Renault Clio V jest nadzwyczaj dojrzałą konstrukcją. Opiera się na modułowej platformie CMF-B, dzięki czemu auto jest lżejsze od poprzednika o kilkadziesiąt kilogramów. To nowoczesna płyta, która wnosi nową jakość do gamy Clio. Zawieszenie jest dość sprężyste, ale daje sporo komfortu i okazuje się sztywne w zasadzie tylko na krótkich nierównościach. Za to Clio V prowadzi się bardzo neutralnie, podsterowność jest minimalna, a ESP interweniuje dopiero w podbramkowej sytuacji. Układ kierowniczy pracuje z dobrze dobraną siłą, a jego komunikatywność i precyzja stoją na dobrym poziomie. Jednocześnie nie wymaga on ciągłej napiętej uwagi, pozwala na zrelaksowanie się za kierownicą. Zapewne w Clio R.S. będzie ostrzej, ale o tym przekonamy się później.
Popracowano też mocno w tunelu aerodynamicznym. Jedną z niemałych bolączek poprzedniej generacji był szum generowany przez opływające samochód powietrze, zwłaszcza w okolicach bocznych lusterek. Clio V stanowi pod tym względem ogromny postęp! Wyeliminowano te szumy z okolic lusterek, w drzwiach zastosowano podwójne uszczelki, przednia szyba została dodatkowo wyciszona, zadbano też o wyciszenie komory silnika. W efekcie podczas prędkości autostradowych w samochodzie jest zwyczajnie cicho. Wiem od innych testujących, że nawet przy wyraźnie wyższych prędkościach głośność nie narasta w jakiś zdecydowany sposób.

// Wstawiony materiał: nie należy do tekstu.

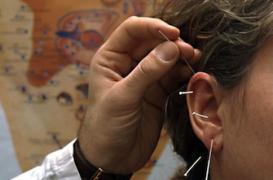 Maigrir avec l'acupuncture auriculaire 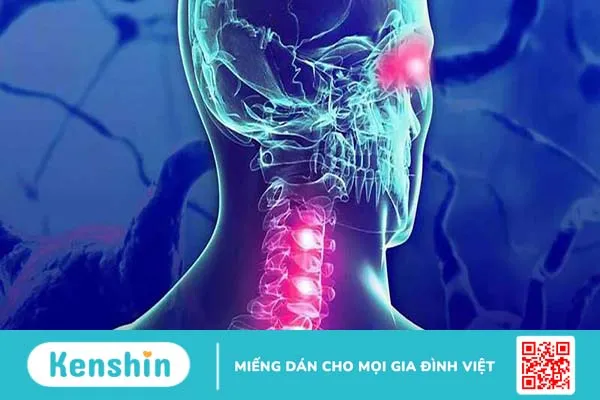 Viêm tủy thị thần kinh: Bệnh hiếm gặp gây suy giảm thị lực và liệt nửa người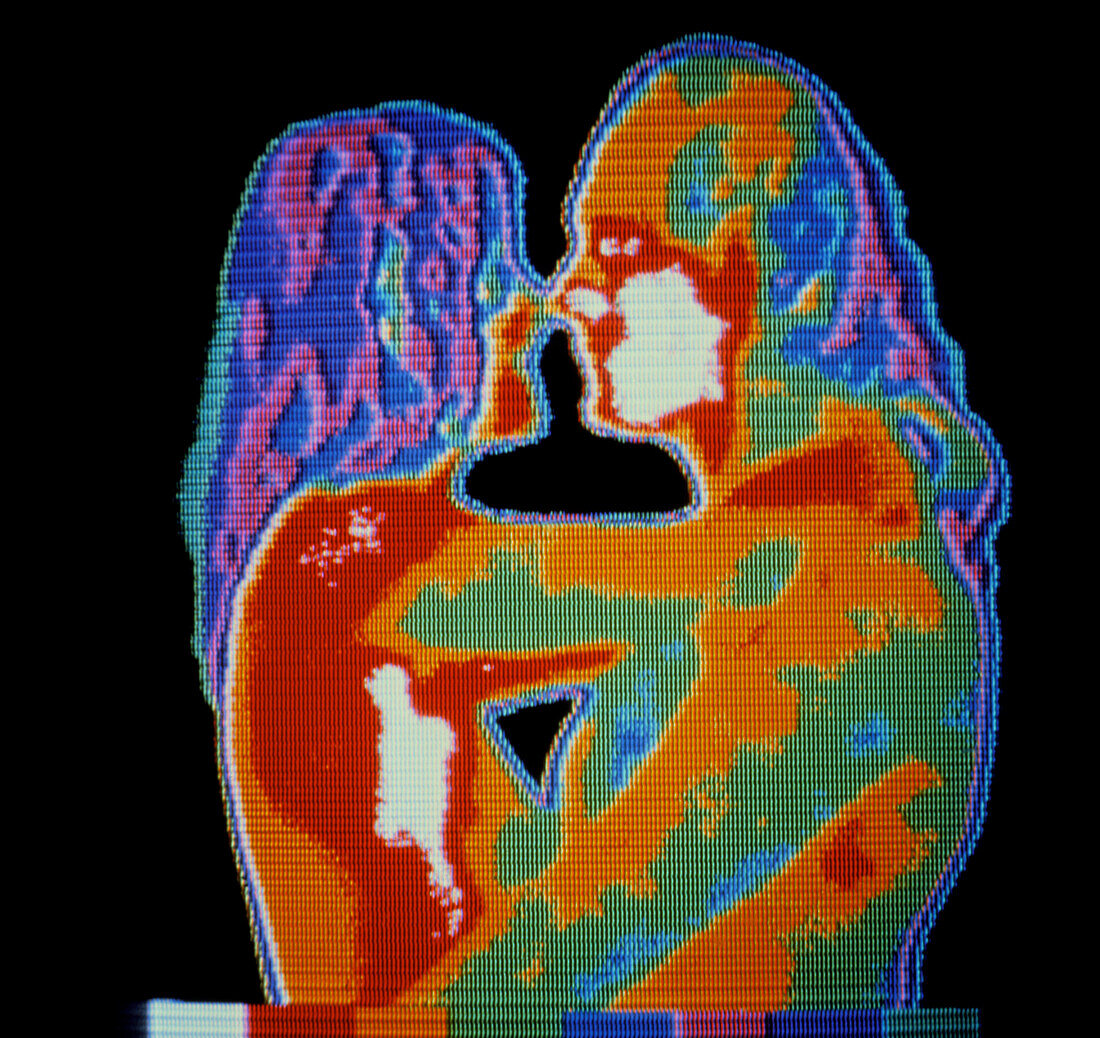 Thermogram of couple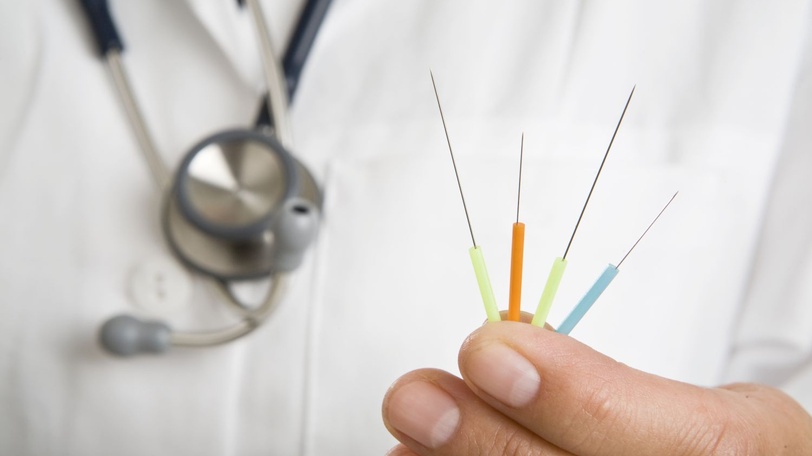 Иглотерапия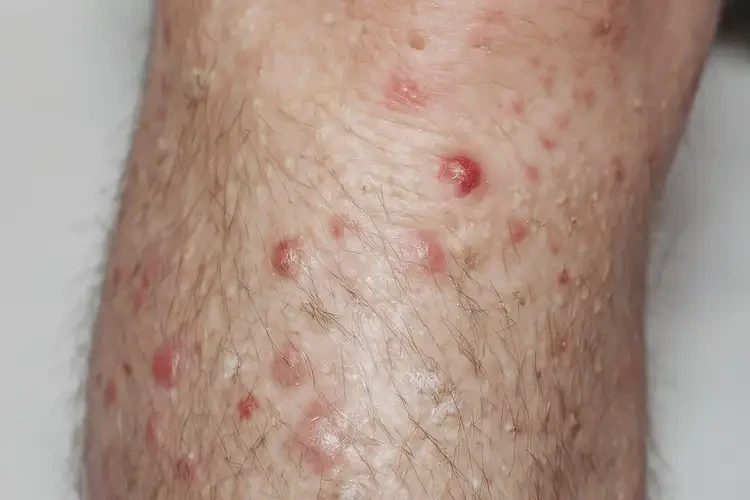 男人小腿出濕疹不管它會自己自愈嗎(圖4)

Tak, Clio V, choć tak z zewnątrz podobne do Clio IV, jest kompletnie nowym, a do tego wyraźnie lepszym samochodem! Za 2-3 miesiące powinno już być w polskich salonach. Nawet jeśli nie myślicie o zmianie samochodu warto się z tym modelem zapoznać. Kto wie, czy nie chwyci Was za serce! Mi spodobało się naprawdę bardzo.